Redensarten Lexikon
Tante
Na denn nicht, liebe Tante: Ausdruck der Enttäuschung mit ironischem Unterton; besonders berlinerisch.    Im Gegensatz zu anderen Verwandtschaftsbezeichnungen (Vater, Mutter, Bruder, Schwester u.a.) werden Tante und Onkel im metaphorischen Sprachgebrauch oft (leicht) verspottet oder in abwertendem Sinn verwendet. So wird die Toilette mit ›Tante Meyer‹ umschrieben, die Menstruation als ›Besuch von Tante Rosa‹, eine unsympathisch erscheinende Frau mit ›Komische Tante‹ charakterisiert. In dasselbe Bedeutungsfeld gehört auch das Adjektiv ›Tuntig‹: zimperlich, etepetete, aber auch: als Mann schwule Neigungen haben.

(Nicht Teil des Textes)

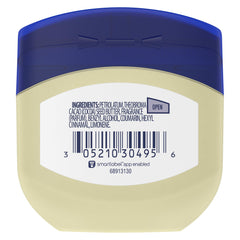 Textura cremosa de Vaseline Cocoa Butter Healing Jelly para hidratación suave.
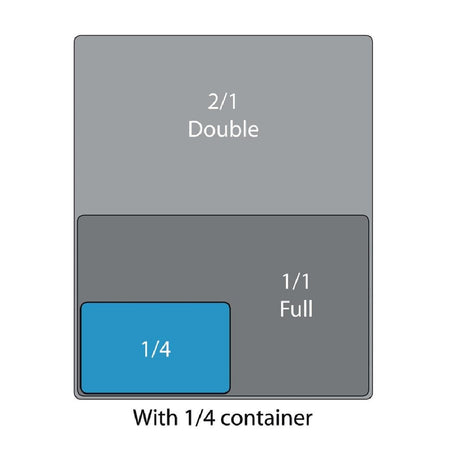 Cambro Polycarbonate 1/4 Gastronorm Tray 150mm - DM747  Cambro   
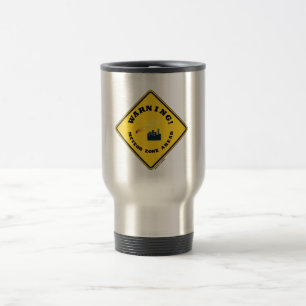 Warning! Meteor Zone Ahead (Diamond Yellow Sign) Travel Mug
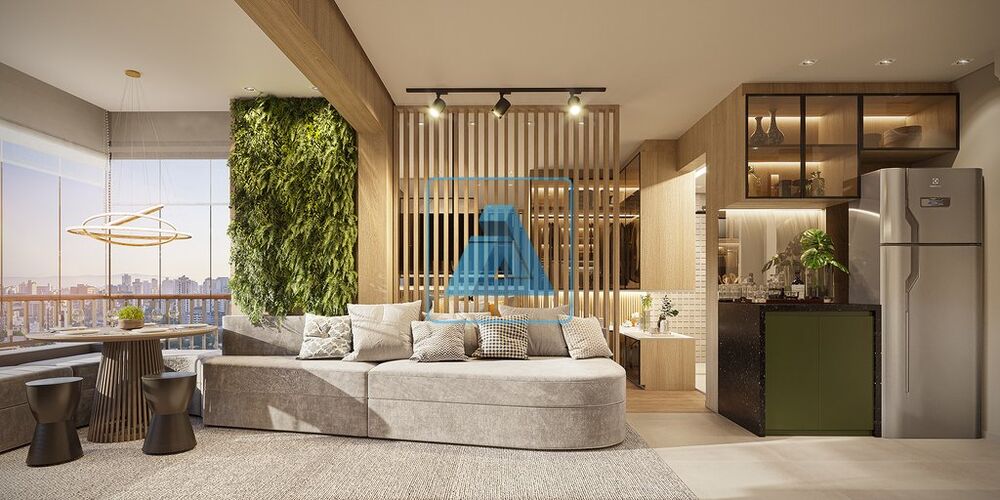 Apartamento Lançamentos com 1 quarto, 37m² - Foto 2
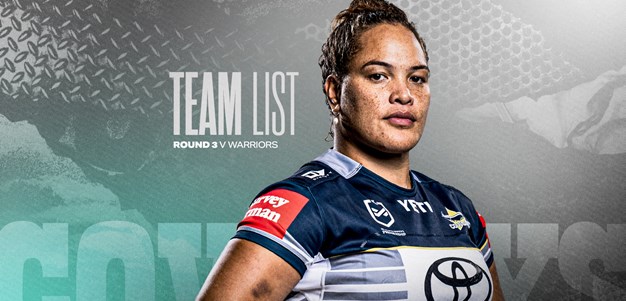 Cowboys NRLW team list: Round 3 v Warriors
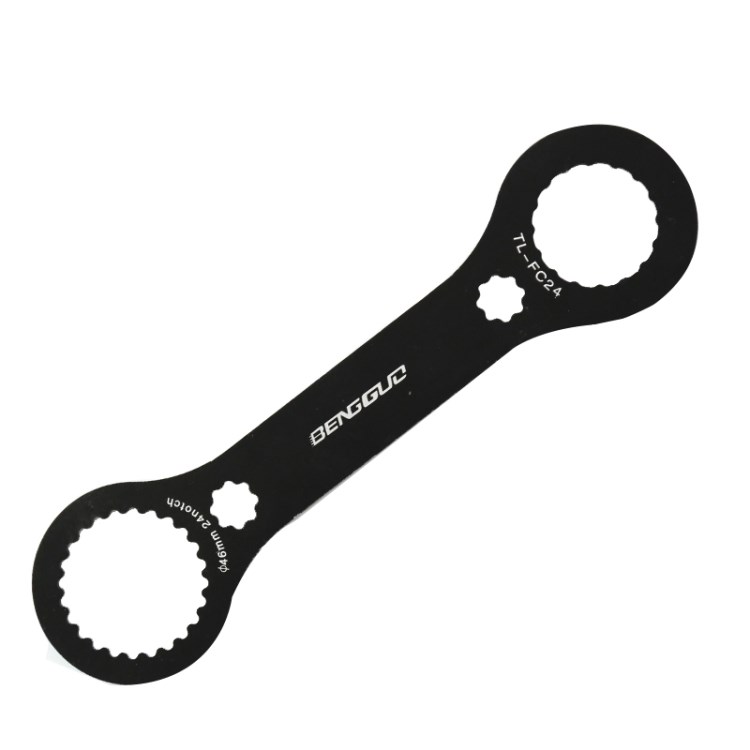 

BG-2209 Aluminiumlegierung Bike Bottom Bloß Halterung Schrench Crankset Spanner Fahrradreparaturwerkzeug - TL-FC24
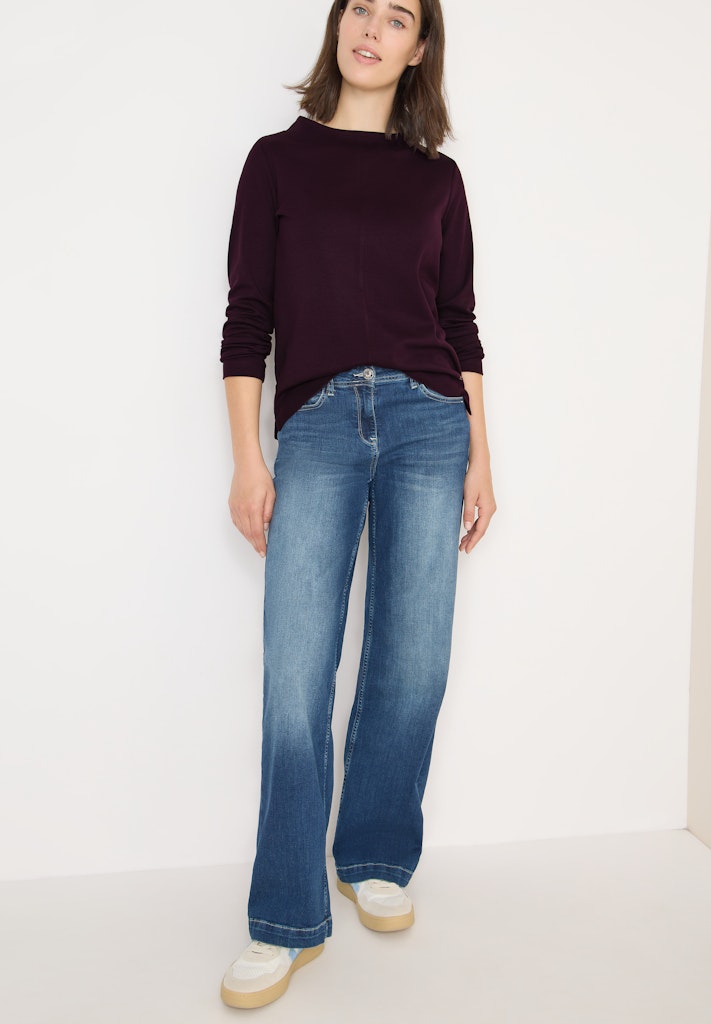 Cecil Damen T-Shirts  Eggplant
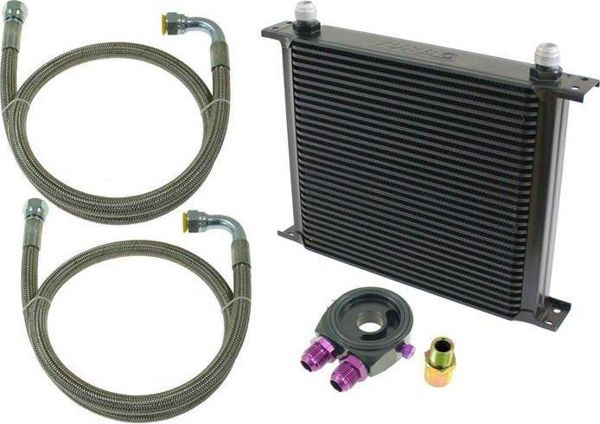 D1Spec_D Ψυγείο Λαδιού TurboWorks 30 Σειρών 260x235x50mm AN10 Μαύρο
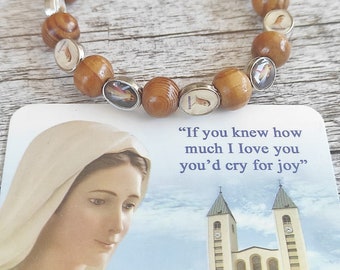Virgin Mary Jesus Medjugorje Bracelet gift Men Women medals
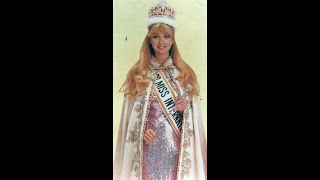 Miss International 1982 -  Christie Ellen Claridge (U.S.A)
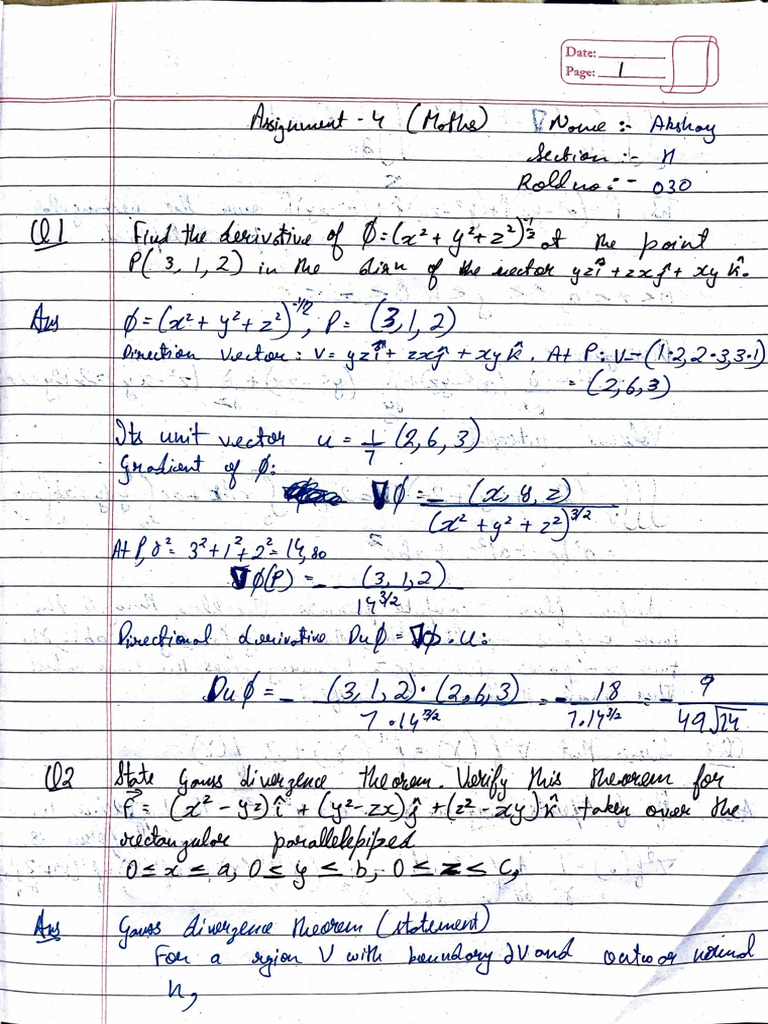 Akshay Section H Assignment 4 Maths | PDF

   Dabei zeigt sich, daß Tante sowie Onkel ziemlich neutrale Begriffe geworden sind und keine emotionale Beteiligung seitens des Sprechers mehr wecken. ›Liebe Tante‹ als Zusatz einer Interjektion steckt einerseits die distanzierte Gefühlslage des Sprechers ab, andererseits aber vermittelt sie Zitateneindruck (Sohn Brutus, lieber Freund usw.). Abschätzige Gleichgültigkeit wird noch verdeutlicht durch Zusätze wie: ›Na denn nich, liebe Tante, heirat'ch'n Onkel, der ist auch ganz schön‹ oder: ›... heiraten wir'n Onkel, is auch ein ganz schönes Mädchen‹.

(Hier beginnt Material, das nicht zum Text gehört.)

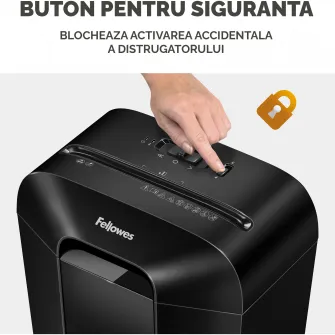 Distrugator documente Powershred® LX50, 9 coli, Cross-Cut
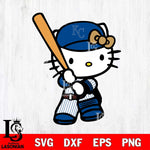 Kansas City Royals Hello Kitty 2 Svg Eps Dxf Png File, Digital Download, Instant Download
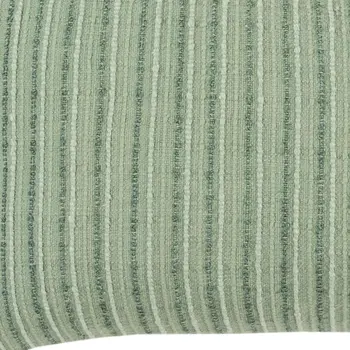 14" X 14" Green Cotton Blend Pillow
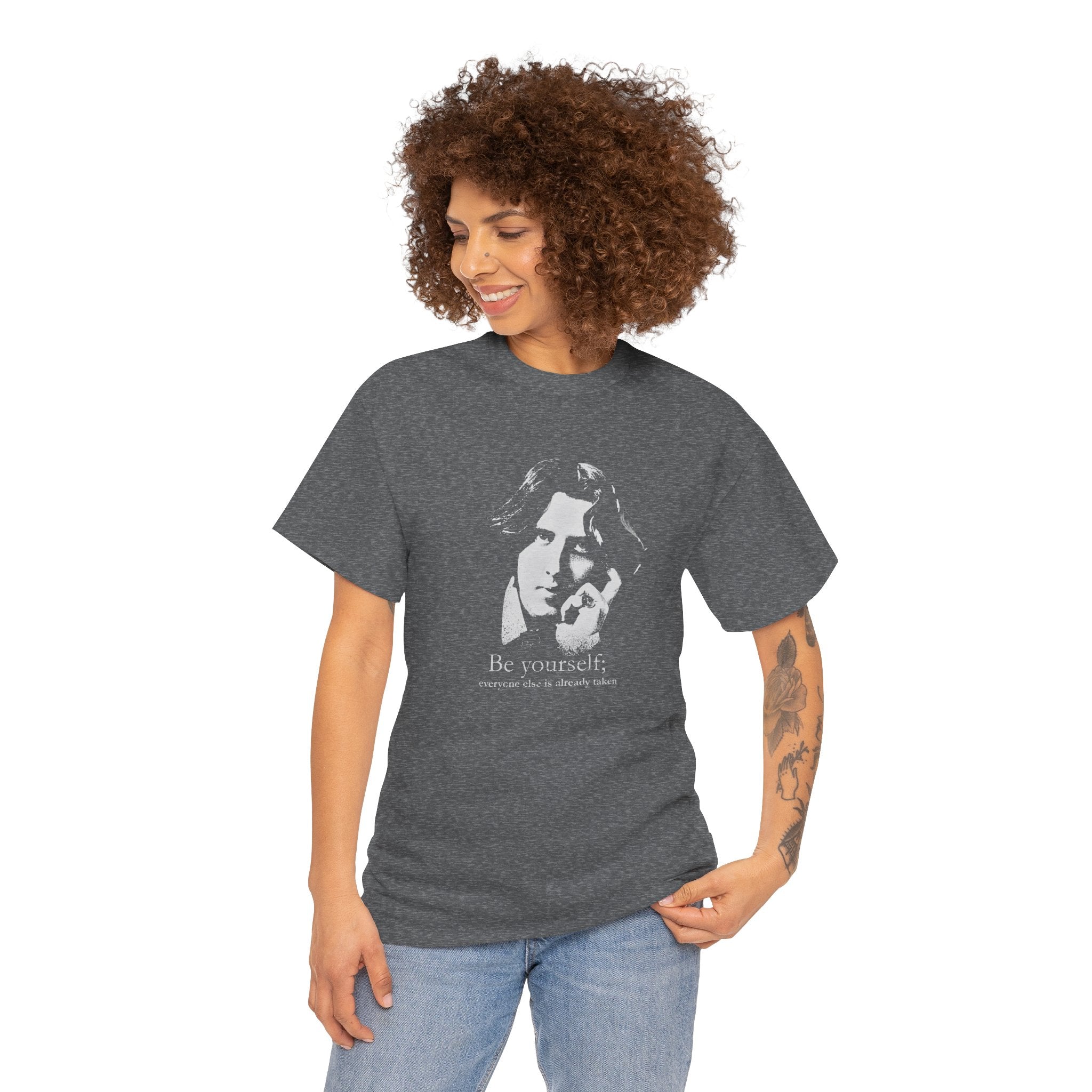 Copy of Oscar Wilde - Be yourself; everyone else is already taken.  Iconic Quote T-Shirt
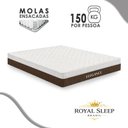 Ver imagem 7 de Cama Box com Baú Queen Elegance Pillow Top Molas Ensacadas Suede Branco Royal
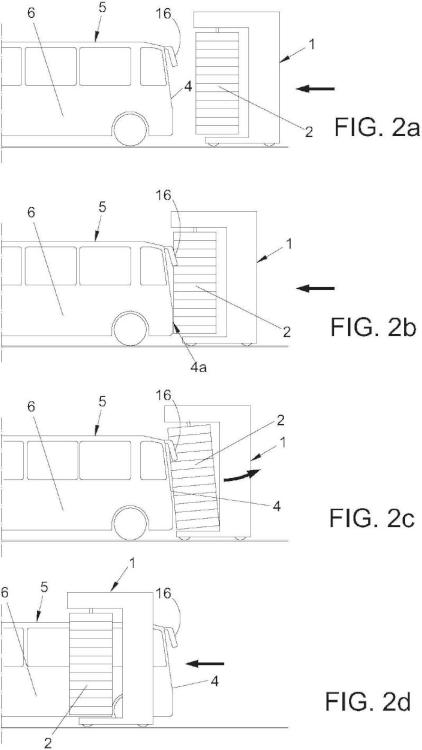 Ilustración 2 de la Galería de ilustraciones de Método y dispositivo para el lavado frontal de vehículos industriales y autobuses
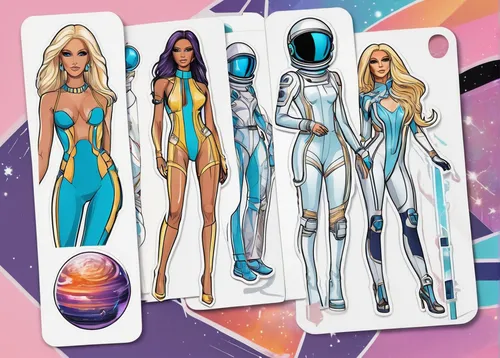 card deck,collectible card game,valerian,paper dolls,space-suit,a plastic card,spacesuit,star card,tarot cards,silver surfer,space suit,tokens,costumes,card game,playing card,playing cards,tarot,protective suit,horoscope libra,humanoid,Unique,Design,Sticker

   Leo Spitzers Interpretation, nämlich daß diese Redensart eine sexuelle Abwertung bedeute, überzeugt nicht ganz. Denn oft gebrauchen Mütter diese Wendung ihren Kindern gegenüber, die einen gutgemeinten Vorschlag ablehnen.
   ›Tante‹ in positiverem Sinne erscheint im Ausdruck ›Tante-Emma-Laden‹: hier meint man ein kleines Lebensmittelgeschäft im Wohngebiet, das, im Gegensatz zu großen Supermärkten, eine intime Einkaufsatmosphäre vermittelt.

• J. SEIDEL-SLOTTY: ›Na denn nicht, liebe Tante‹ u.a. mißbrauchte Verwandte, in: Bulletin linguistique 12 (1944), S. 33-44; L. SPITZER: ›Na denn nicht, liebe Tante‹, in: Bulletin linguistique 14 (1946), S. 66-77.